[Opening Records to use section]

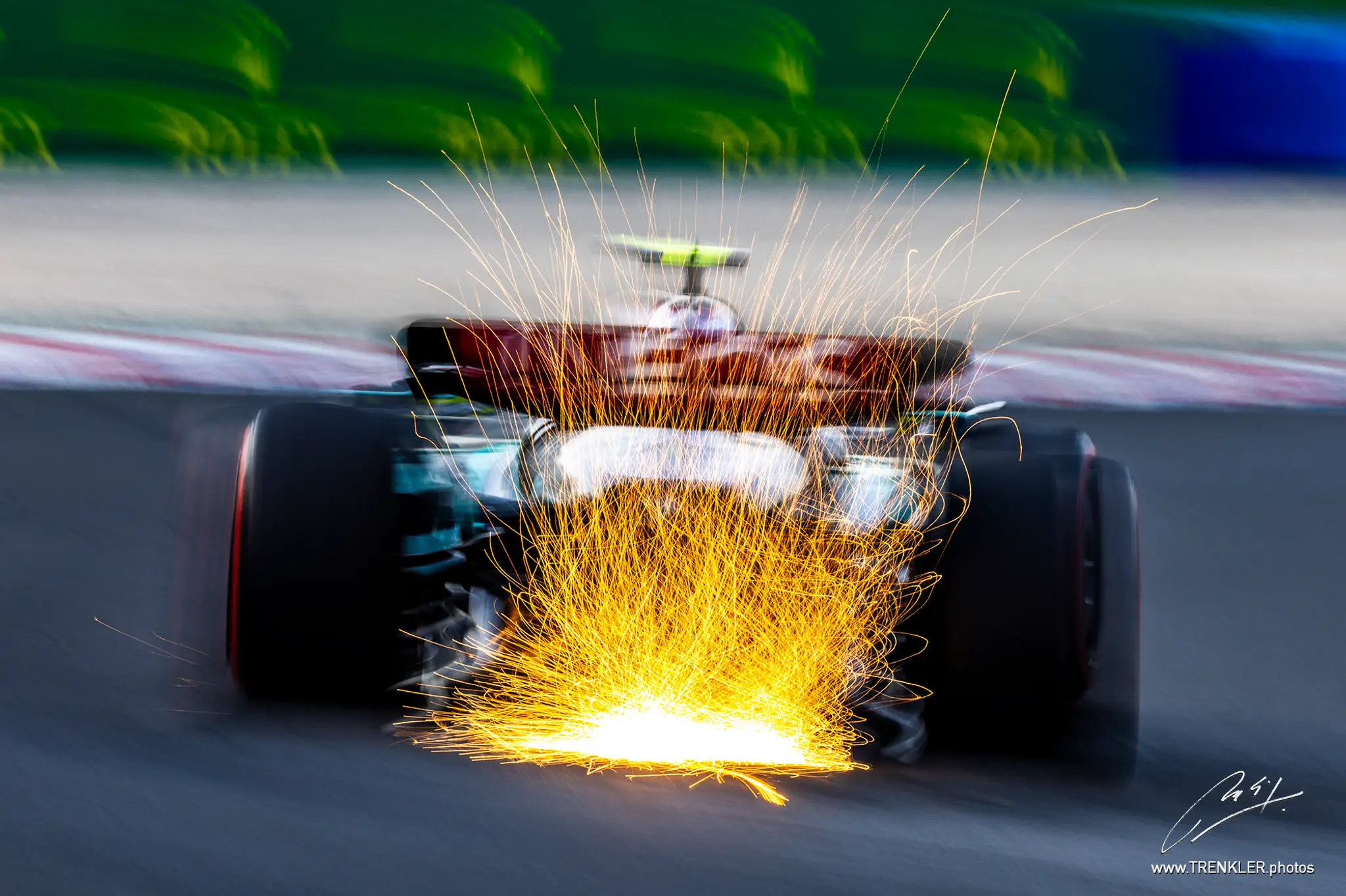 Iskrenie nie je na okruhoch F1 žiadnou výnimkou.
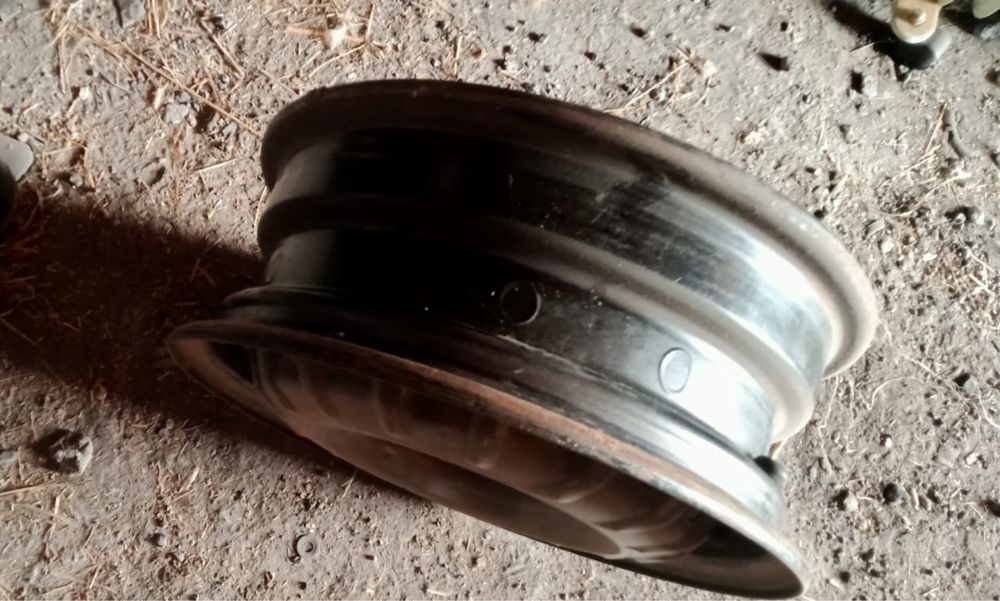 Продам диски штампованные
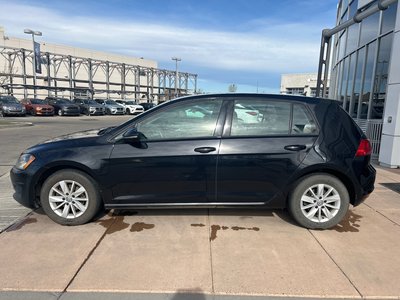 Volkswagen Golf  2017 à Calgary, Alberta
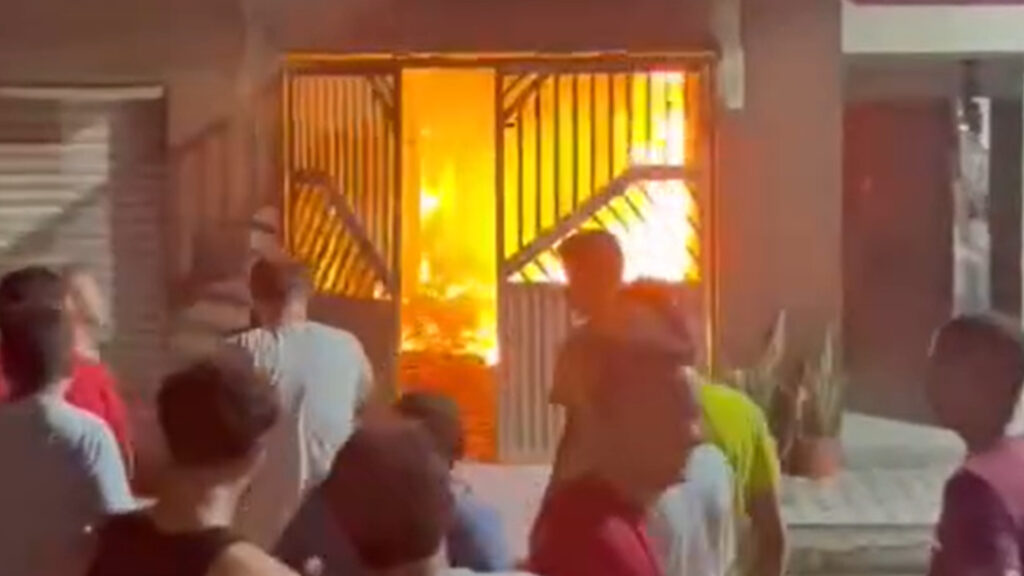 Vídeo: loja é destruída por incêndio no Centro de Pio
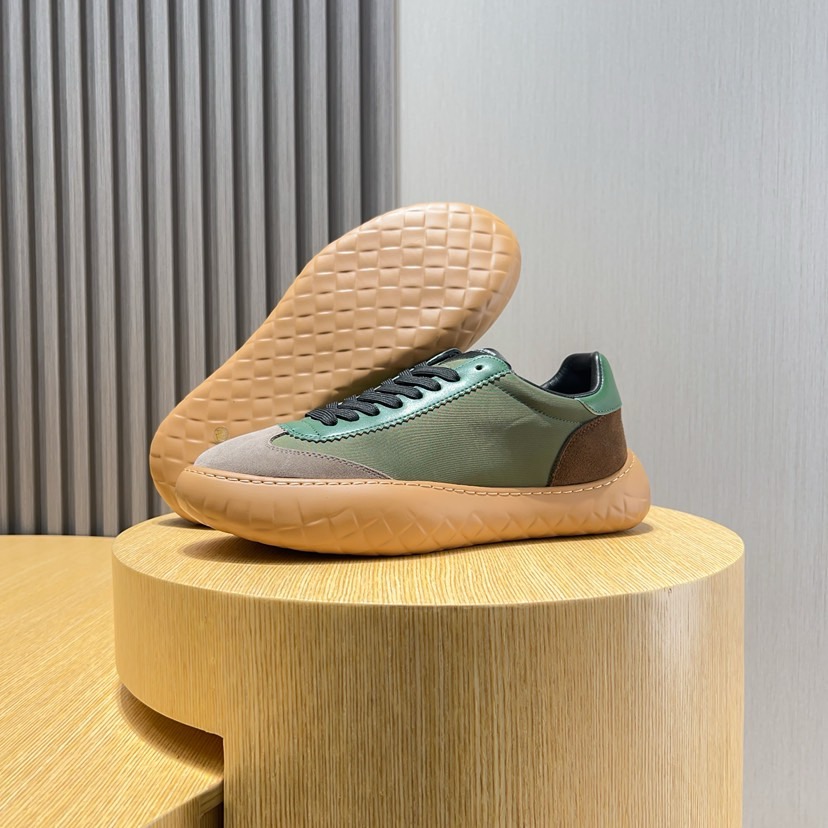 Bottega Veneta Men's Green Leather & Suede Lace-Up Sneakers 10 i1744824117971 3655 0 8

[Closing Records to use section]

■ **Directions for this task**
With the pictures excluded, restate word for word each line from the one that contains "Продам диски штампованные" through the last line of the listing above.

■ **Task result**
 Продам диски штампованные
 Volkswagen Golf  2017 à Calgary, Alberta
 Vídeo: loja é destruída por incêndio no Centro de Pio
 Bottega Veneta Men's Green Leather & Suede Lace-Up Sneakers 10 i1744824117971 3655 0 8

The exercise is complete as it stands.